L’âme et le créateur de cette majorité
Alors, de guerre lasse, il agite la menace ou le sceptre de la ligne rouge à ne pas franchir. Une manière de faire comprendre à demi-mots qu’il serait prêt à déposer avec ses amis une motion de défiance à l’encontre de l’omnipotent président de l’exécutif de la CTM pour le faire tomber. Même pas peur, s’amuse le patron de la CTM. Car pas sûr que le président du RDM (Rassemblement démocratique Martiniquais) ait les moyens de ses ambitions et de ses velléités. Au fond de lui, il sait que si AMJ est touché, il coulera avec lui. D’autant que « Chaben » n’est pas homme à pardonner à ceux qu’ils considèrent à tort ou à raison comme des traîtres. On est avec lui ou contre lui et malheur à ceux qui osent se dresser contre lui. Sa légitimité, croit-il, il la tient du peuple. Certains appellent cela du populisme. Mais lui n’en a cure. C’est sur son nom et son nom seul que se sont portés les suffrages des électeurs martiniquais. Les autres font de la figuration. Il a permis à certains d’exister. Il en a même façonné quelques uns, dont Jean-Philippe Nilor. Il en est intimement convaincu : il est l’âme et le créateur de cette majorité. Après lui, le déluge. Dès lors, prétendants et dauphins ont tous vocation à « s’échouer sur une plage ».

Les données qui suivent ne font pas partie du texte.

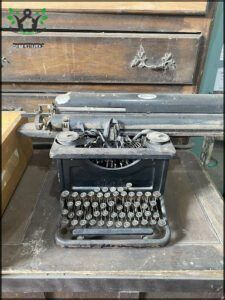 there is a old typewriter sitting on a table with a box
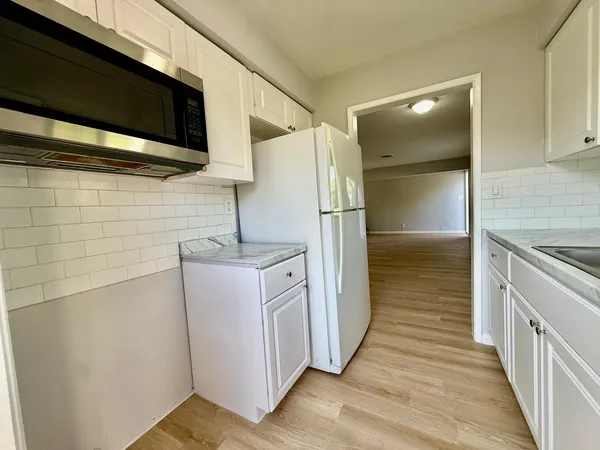 a kitchen with a refrigerator and a stove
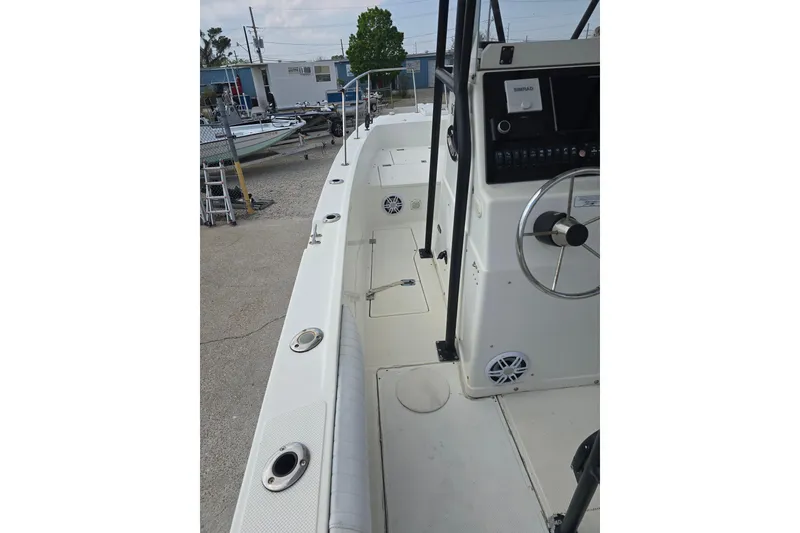 Slide: The Image of 2002 Sport-Craft Seacat 255 boat interior with steering console and seating area. - 12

Maître du temps et des horloges
Maitre du temps et des horloges, AMJ est coutumier de coups d’éclats et de prises de risque jusqu’ici couronnés de succès. Pour montrer sa force et faire la nique à ses détracteurs, il est parfaitement capable de prendre tout le monde de court et provoquer de nouvelles élections sur l’air de « qui m’aime me suit » afin d’obtenir une nouvelle majorité plus conforme à ses idées. Un pari certes risqué, mais jouable d’autant que le contexte politique n’est pas si défavorable : ses oppositions et principalement EPMN (Ensemble pour une Martinique nouvelle) en quête elles aussi d’une nouvelle dynamique et de nouveaux acteurs pour l’incarner, ne sont pas tout à fait prêtes à livrer bataille. Et puis, l’homme aime se mettre en danger et jouer la politique du pire. Et après tout, il n’a plus grand chose à perdre. A son âge, on ne se refait pas. Politique fiction, conjectures, élucubrations ? Rien n’est moins sûr tant l’homme est parfois déroutant.
Nouveau souffle ?
Reste que la situation est si dégradée et le crédit politique tellement entamé que l’on se demande jusqu’où iront les protagonistes de cette tragi-comédie et surtout comment feront-ils pour tenir encore trois ans-2021- date du prochain scrutin pour renouveler cette assemblée. En tout cas, il apparaît cependant urgent de débloquer d’une manière ou d’une autre la situation et de retrouver un nouveau souffle, pour éviter que « tout vient du pays, quand rien ne sort du pouvoir ». Auquel cas, plus dure pourrait être la chute.